Notation: Variance \(Var(X)\), \(\sigma^2\), or \(\sigma_X^2\). Standard Deviation \(SD(X)\), \(\sigma\), or \(\sigma_X\).
1. Definition based on Expected Squared Deviation¶
The variance is defined as the expected value of the squared difference between the random variable \(X\) and its mean \(\mu = E[X]\):
$$ Var(X) = E[(X - \mu)^2] $$
A more convenient formula for calculating variance is derived from the definition using linearity of expectation:
$$ Var(X) = E[X^2] - (E[X])^2 $$
$$ Var(X) = E[X^2] - \mu^2 $$
This requires calculating two expected values: \(E[X]\) (the mean) and \(E[X^2]\) (the expected value of X squared, calculated using LOTUS as \(\sum x^2 p(x)\) or \(\int x^2 f(x) dx\)).
The standard deviation is the positive square root of the variance:
$$ SD(X) = \sigma = \sqrt{Var(X)} = \sqrt{E[(X - \mu)^2]} $$
Interpretation:\(\sigma\) measures the typical or average distance of the values of \(X\) from their mean \(\mu\).
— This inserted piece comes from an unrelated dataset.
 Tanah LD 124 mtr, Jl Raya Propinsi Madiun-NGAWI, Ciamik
A smaller \(\sigma\) means data points are typically close to the mean; a larger \(\sigma\) means they are typically far from the mean.
Non-negativity:\(Var(X) \ge 0\). Variance is zero if and only if \(X\) is a constant (no spread).
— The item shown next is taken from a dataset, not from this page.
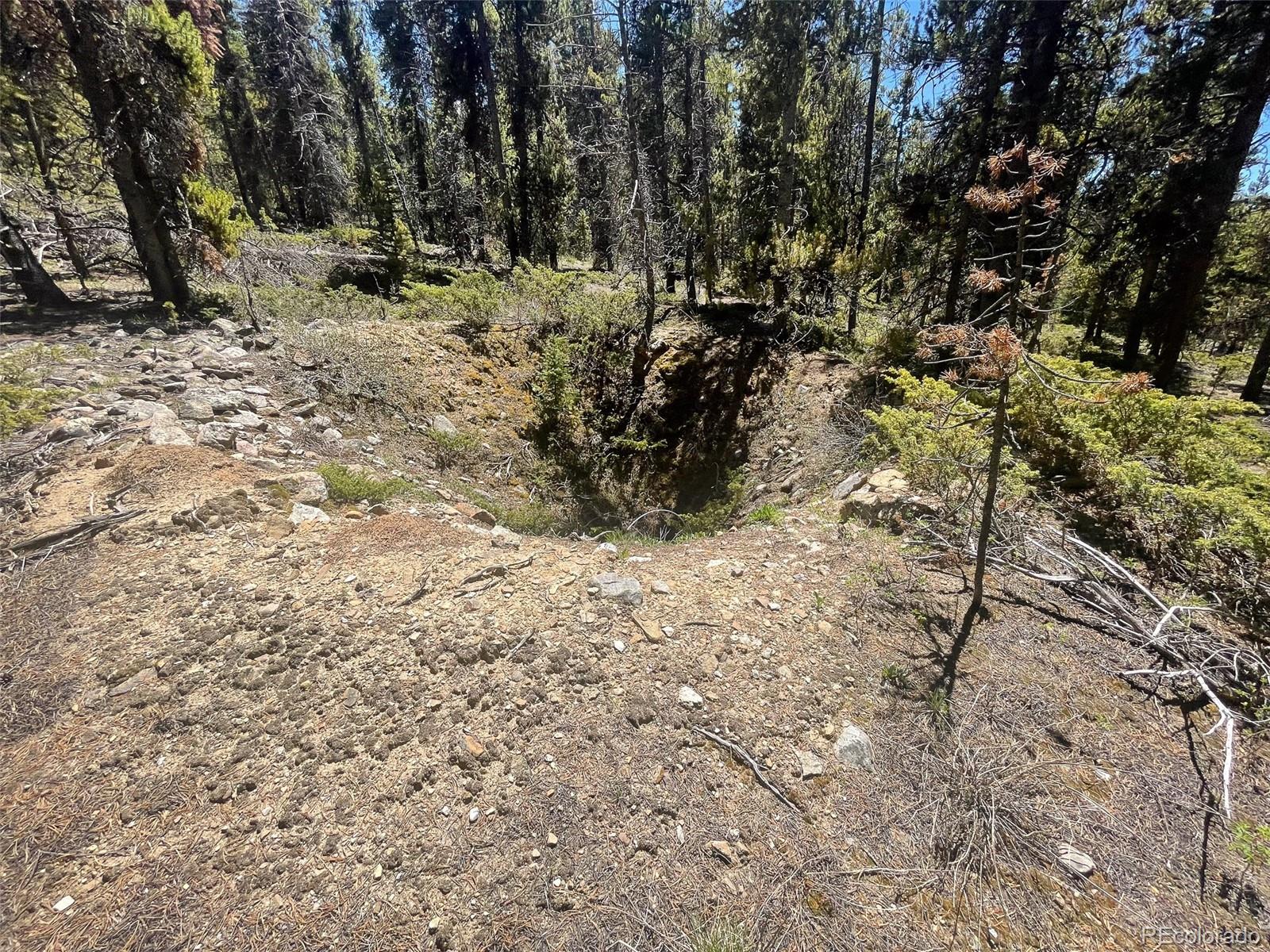 1503 Cornucopia Leadville, CO 80461 - Photo 17 of 27 a view of covered with trees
Constants:\(Var(b) = 0\) for any constant \(b\).
Linear Transformation: For constants \(a\) and \(b\):
$$ Var(aX + b) = a^2 Var(X) $$
Note: Adding a constant \(b\) shifts the distribution but doesn't change its spread, so \(b\) disappears. Multiplying by \(a\) scales the deviations, and squaring \(a\) reflects the squaring in the variance definition.
For any random variables \(X\) and \(Y\):
$$ Var(X + Y) = Var(X) + Var(Y) + 2 Cov(X, Y) $$
where \(Cov(X, Y)\) is the Covariance between X and Y.
If X and Y are Independent: Then \(Cov(X, Y) = 0\), and the formula simplifies significantly:
$$ Var(X + Y) = Var(X) + Var(Y) \quad (\text{if X, Y independent}) $$
$$ Var(X - Y) = Var(X) + Var(Y) \quad (\text{if X, Y independent}) $$
Note: Variance ADDS even when subtracting independent variables because subtraction can still increase the range of outcomes.
Risk Assessment: In finance and business, variance and standard deviation are key measures of risk or volatility (e.g., of investment returns).
Data Analysis & Feature Scaling: Standard deviation is used in standardization (calculating Z-scores: \(Z = (X - \mu) / \sigma\)) which is essential for many machine learning algorithms. Understanding variance helps interpret feature importance and variability.
Confidence Intervals & Hypothesis Testing: Standard deviation (often estimated from samples as the standard error) is crucial for constructing confidence intervals and performing hypothesis tests about population means.
Normal Distribution & Empirical Rule: Standard deviation defines the intervals (\(\mu \pm k\sigma\)) containing specific percentages of data (68%, 95%, 99.7%).
Process Control: Used to monitor the stability and consistency of processes (e.g., manufacturing).